On the way to finding a belief based on reason and not just faith, he finally embraced Malicqueism, which produced a deep affliction in his mother, Monica, who then decided to give himself to prayer and sacrifice, whose Christian fervor made him worthy of being sanctified.
For his part, St. Augustine professed Maniqueism fervently for some years in which he was recognized for his eloquence and for being a great practitioner. Likewise, at this time he entered astrology. In 379 A.D. his studies and eagerness for knowledge made him feel increasingly empty in the face of this current which, although he defined the opposition of good and evil, did not offer a solution to this duality.
In the midst of his spiritual quest, in 383 A.D., he decided to undertake a trip to Rome, where his friend Simaco, who served as prefect of Rome, helped him to get a position as imperial speaker of Mediolanum (located in the present-day territory of Milan, Italy) becoming also in Bishop Ambrosio’s rival in Oratory.

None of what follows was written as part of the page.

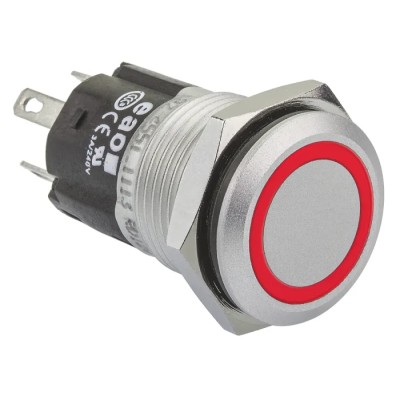 EAO Illuminated Momentary Panel Mount Push Button Switch, 16 mm Cutout, SPDT, Red LED, IP65 IP67, 12 V DC AC, 3A 82-4551.1113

St. Augustine was fascinated by the verb of this bishop during his preaching. He began to attend the liturgy, and began reading to the platonics and letters of Paul of Tars.
Finally, in 385 A.D., St. Augustine broke definitively with Manichiism and converted to Christianity, embraced ascesis as a way of life, and gave himself up to the study of Christian thought. A year later he went to Casiciaco with his mother and a group of companions, in order to give himself up to study and worship of God.

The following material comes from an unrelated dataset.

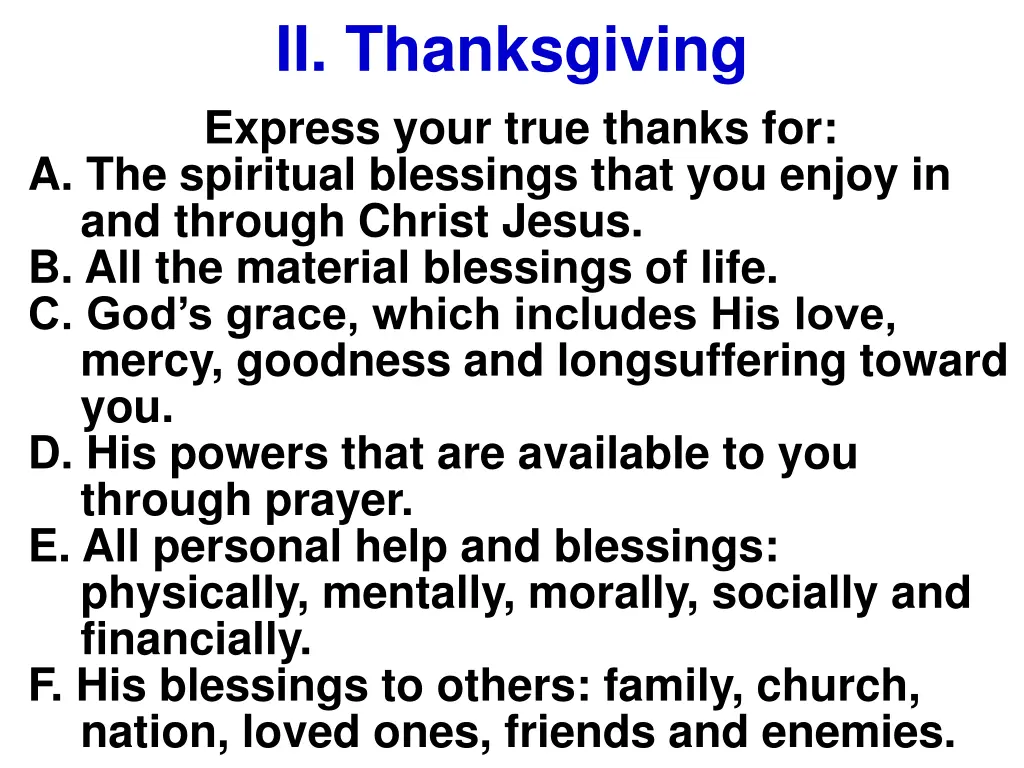ii thanksgiving express your true thanks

In 387 A.D., he was baptized in the Catholic faith by Bishop Ambrose. Later, he decided to return to Africa, but before leaving his mother died. Already in his native country, St. Augustine sold all his assets and the money from the sale distributed it among the poor.
Together with a group of companions he moved to a secluded place, where he established a Monastery. In 391 A.D., despite his resistance to leaving the monastic life to which he was consecrated, he assumed the priesthood. In 395 A.D. he was ordained as bishop of Hippo, however he transformed the episcopal house into a monastery.
Augustinian thought and final years
From then on his activity as a preacher, theologian and writer is extensive. He is dissitured and theologically confronted with other currents of thought, whom he overcomes with his great talents for rhetoric. He became part of the Third Council of Hippo, developed in 393 A.D., as well as in the III and IV of Carthage, which occurred in 397 and 419 A.D. respectively, which he came to preside over.
His written work was prolific, highlighting among them the texts Letters to Friends, adversaries, foreigners, faithful and pagans, as well as his Soliloquies, Confessions and the City of God which concern the knowledge, memory, wisdom and salvation of the soul human on the part of God, with whom he meets through love and through spiritual interiority, coming out of sin, and achieving his journey from the finite to the infinite.
Finally, during the invasion of the Barbarians in their city, St. Augustine became seriously ill, dying on August 28, 430 A.D. His body currently rests in the basilica of San Pietro in Pavia.